> _The data_:
○ ○ ○ ○
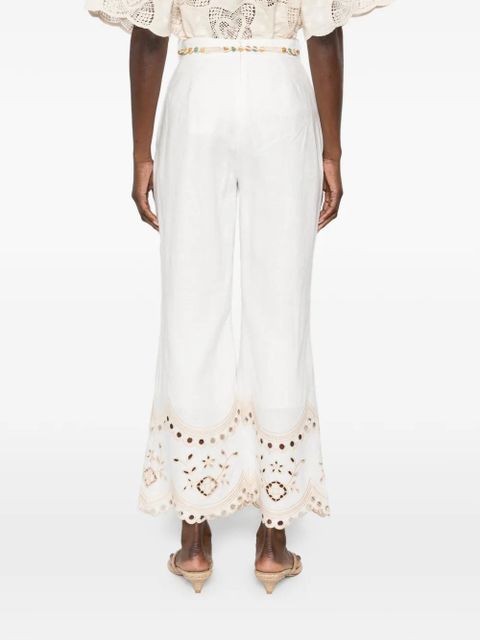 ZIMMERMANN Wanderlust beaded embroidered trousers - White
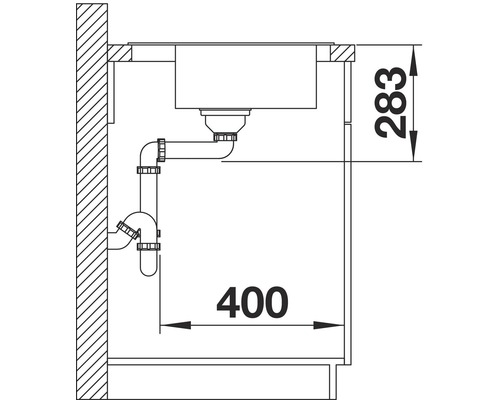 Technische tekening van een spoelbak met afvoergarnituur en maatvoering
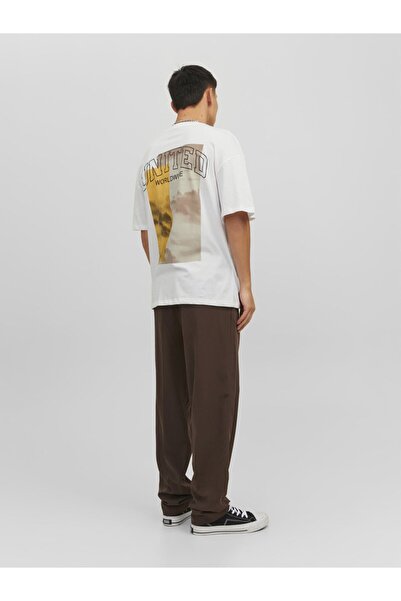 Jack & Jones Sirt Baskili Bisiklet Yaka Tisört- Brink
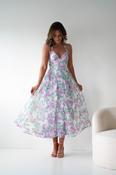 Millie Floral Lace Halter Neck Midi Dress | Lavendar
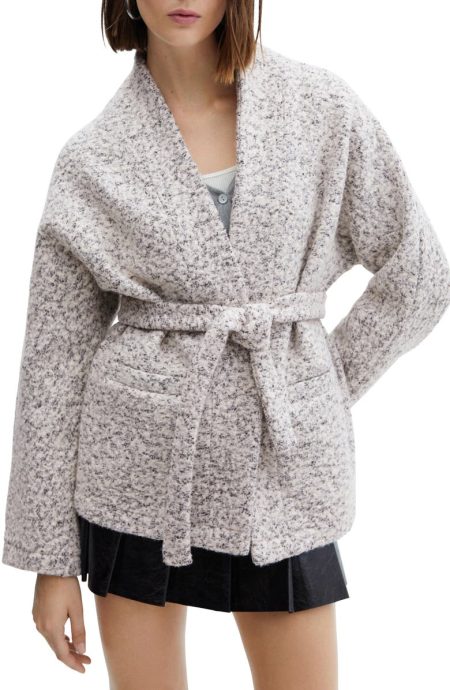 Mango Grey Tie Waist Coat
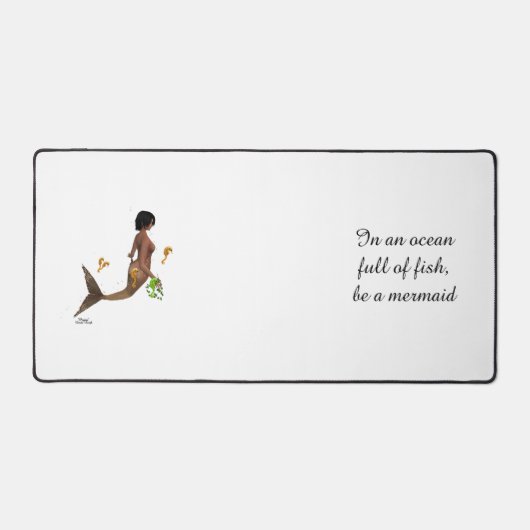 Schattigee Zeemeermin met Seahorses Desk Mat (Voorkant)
○ ○ ○ ○
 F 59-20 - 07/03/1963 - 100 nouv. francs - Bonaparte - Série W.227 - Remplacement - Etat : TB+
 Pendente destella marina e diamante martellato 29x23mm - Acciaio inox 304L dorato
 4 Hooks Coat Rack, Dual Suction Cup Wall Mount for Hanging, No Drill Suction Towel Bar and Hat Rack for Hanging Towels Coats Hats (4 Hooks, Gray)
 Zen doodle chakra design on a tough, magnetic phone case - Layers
○ ○ ○ ○
> _What this task involves_: Going back to the data above, write out everything from the line with "ZIMMERMANN Wanderlust beaded" down to the line with "Schattigee Zeemeermin met", both included, leaving every picture out.

> _Solution for this task_:
 ZIMMERMANN Wanderlust beaded embroidered trousers - White
 Technische tekening van een spoelbak met afvoergarnituur en maatvoering
 Jack & Jones Sirt Baskili Bisiklet Yaka Tisört- Brink
 Millie Floral Lace Halter Neck Midi Dress | Lavendar
 Mango Grey Tie Waist Coat
 Schattigee Zeemeermin met Seahorses Desk Mat (Voorkant)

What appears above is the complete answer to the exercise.